See also “Khipus and Written Documents,” Google Arts and Culture, https://artsandculture.google.com/story/TwURueXdUOqKzA?hl=en (accessed 7 March 2023).

12

“Khipus and Written Documents.”

13

This knot is commonly known as a cow hitch or lark’s-head knot.

14

Corongo, Guauyan, and Cusca sum to within one of the number of verso attachments, and Namus, Cuyuchin, and Ucore sum to within four of the number of recto attachments.

15

There are “n choose k” ways to choose an (unordered) subset of k elements from a fixed set of n elements, where “n choose k” = nk = C(n, k)=n!/(k!(n-k)!).

16

There are 133 six-cord groups and 130 tributary names listed on the 1670 revisita, so |133–130| = 3. In the newly proposed moiety alignment, there are 70 verso six-cord groups matched with 68 tributaries and 63 recto six-cord groups matched with 62 tributaries. Therefore, |70–68| + |63–62| = 2 + 1 = 3.

17

Two previously unmentioned scribal marks on the padrón are the word ojo written before the names juo po haçaña hijo de coxo and po joseph hijo del coxo, suggesting the scribe had a reason to draw attention to these two individuals.

18

Adan Ramirez-Figueroa, pers. comm., 25 February 2022.

19

The total verso tribute amount is unknown due to broken cords, but is likely 381 or 382 pesos (Urton 2017: 229).

20

KH0327 and KH0323 are also the only two Santa Valley khipus with Z-twisted primary cords and primary cords involving nested barber pole color patterns.

21

Note that 81 percent and 44 percent do not make 100 percent due to the overlap of color patterns across the mixed recto and verso khipu KH0326.

22

Capitalized letters are used to represent yarn colors (e.g., W = white and AB = light brown), which can then be combined in several ways (e.g.,- = barber-poled, : = mottled, and / = segmented).
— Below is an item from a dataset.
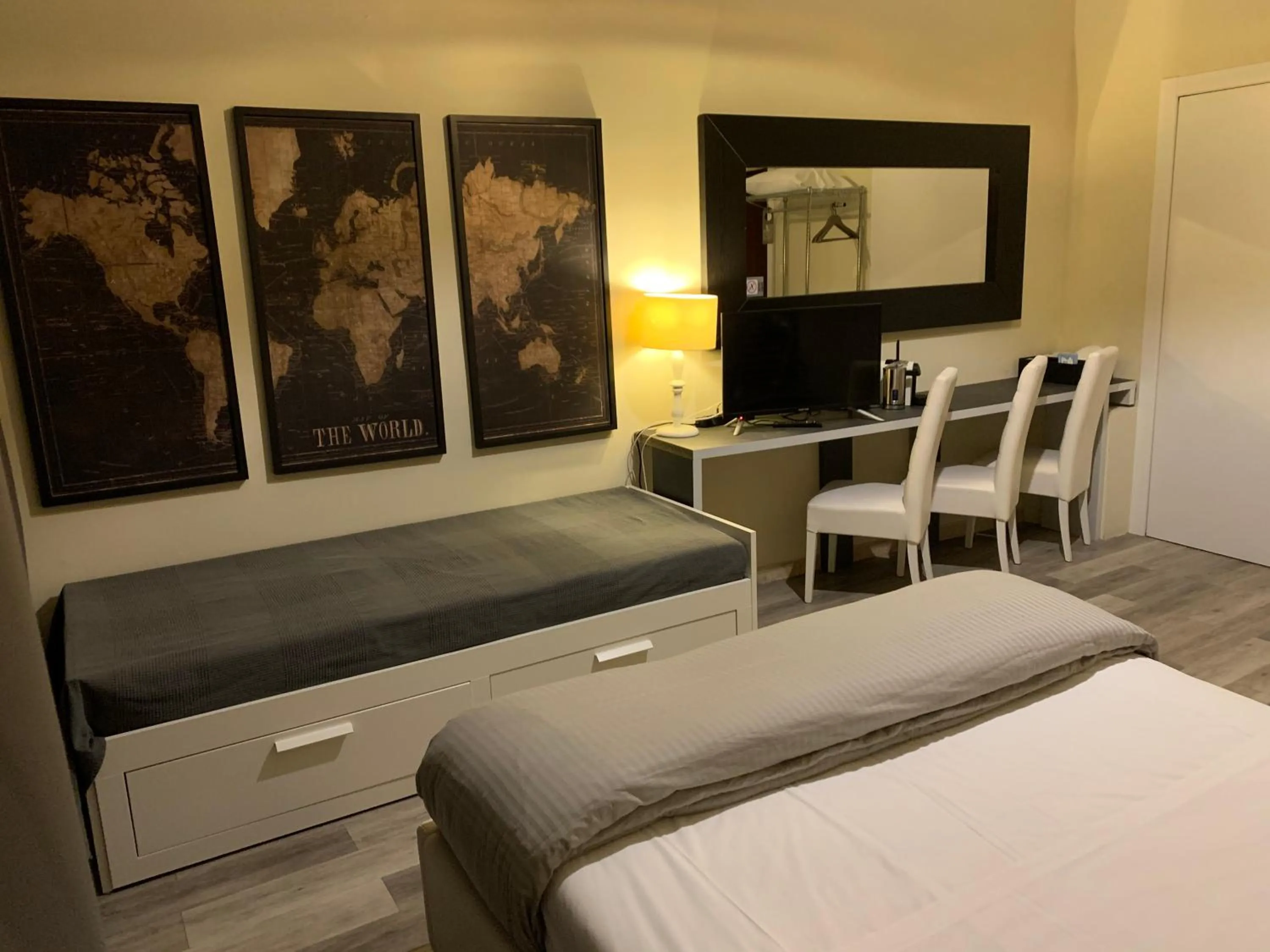 Bedroom, Bed in Rigoletto Rental Rooms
Therefore, “W-AB” represents a white and light brown barber-poled cord.

23

Lucrezia Milillo (2020: 268, 272) has noted a similar patterning on a khipu from the Pigorini Museum in Rome, which contains “a seriation of paired colour bands.”

24

For a table showing these repetitions, see Radicati di Primeglio 2006: 204.

25

For example, the colors recorded for the Santa Valley khipus in 2005 by Carrie J. Brezine and Gary Urton do not always match those recorded by Radicati di Primeglio (2006).

26

The value of each pendant cord seems to loosely adhere to a set of numerical relations based on that cord’s position within its six-cord group (see Urton 2017: 227). Additionally, for both KH0055 and the six Santa Valley khipus, the first and last cord within each six-cord group does not bear any subsidiary attachments.